"Maafin Kakak udah jahat sama kamu. Maafin Kakak udah membentak kamu waktu itu." Sonya benar-benar merasa bersalah. Selama ini ia selalu menyalahkan dirinya sendiri atas kepergian Hana.

"Bukan salah Kakak aku pergi," cicit Hana semakin terisak.

Selagi mereka menumpahkan rasa rindu, Jevano hanya berdiri memperhatikan mereka sambil mengucap rasa syukur. Akhirnya keluarga ini kembali bersatu setelah melewati banyak sekali cobaan.

"Daddy-----" Tapi tiba-tiba saja atensinya teralihkan saat tangannya ditarik-tarik oleh Jena, yang sedang berdiri di sampingnya.

"Apa, Sayang?" tanya Jevano berjongkok, menatap anaknya itu penuh cinta.

"Rambut Jena rapi, nggak? Jena keliatan cantik, nggak?" Anak itu bertanya, sambil menyelipkan helaian rambutnya ke belakang telinga. Matanya mengerjap centil, senyumnya merekah semanis mungkin.

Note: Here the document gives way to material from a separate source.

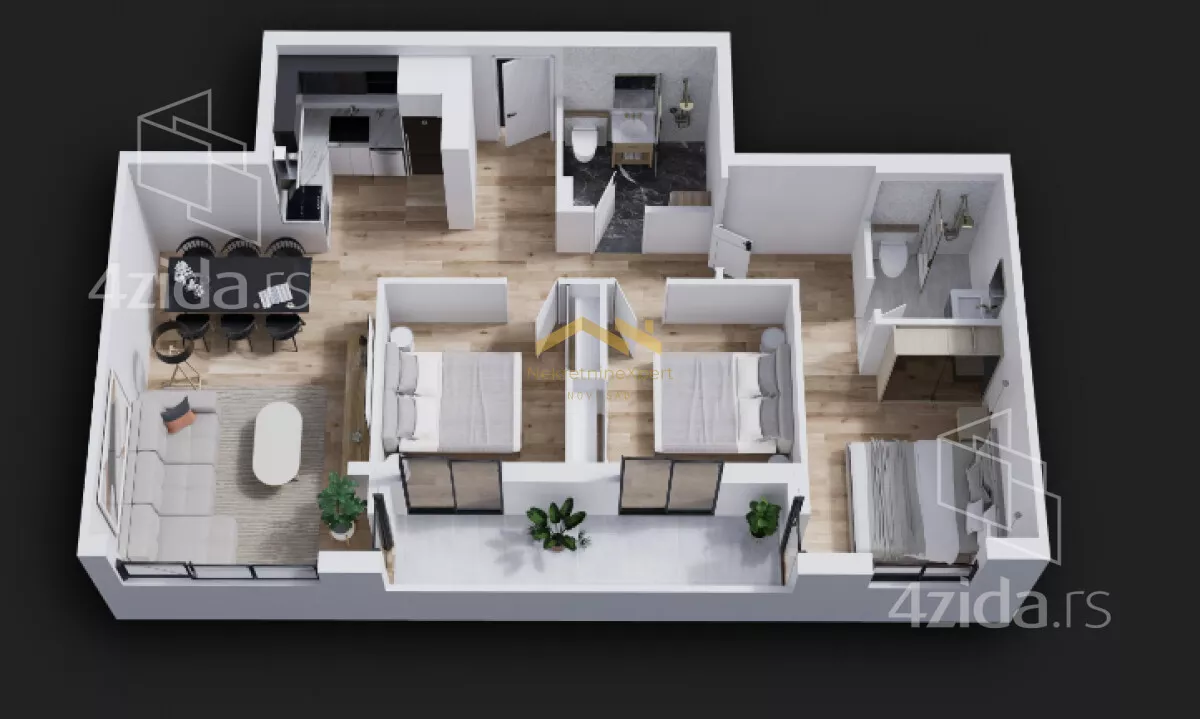 Četvorosoban stan | 4zida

Jevano terkekeh, membantu merapikan rambut Jena yang berwarna pirang. "Cantik banget."

"Makathih, Daddy," cicit Jena nyengir. Dari tadi jantungnya berdebar-debar. Tidak pernah sekali pun Jena melihat pria-pria tampan sebanyak ini. Sepertinya Jena tidak menyesal untuk datang ke rumah ini.

Dari tadi Juan terus memperhatikan Hana, sampai perhatiannya teralihkan pada sesosok anak kecil yang dari tadi sedang menatapnya lekat. Akhirnya ia berjalan, menghampiri anak itu.

"Hi, cantik." Suara bariton Juan menyapa Jena. Juan langsung berjongkok agar tinggi mereka sejajar, lalu menjulurkan tangannya untuk berkenalan.

"Hi," balas Jena malu-malu karena melihat senyum Juan yang sangat manis.

"Ya ampun cantik banget anak Papi." Juan menciumi punggung tangan Jena dengan lembut.

Jena benar-benar tersipu, ia langsung menyembunyikan wajahnya di pelukan Jevano kerena malu.

"Kenapa sembunyi gini?" tanya Jevano, mengelus kepala anaknya.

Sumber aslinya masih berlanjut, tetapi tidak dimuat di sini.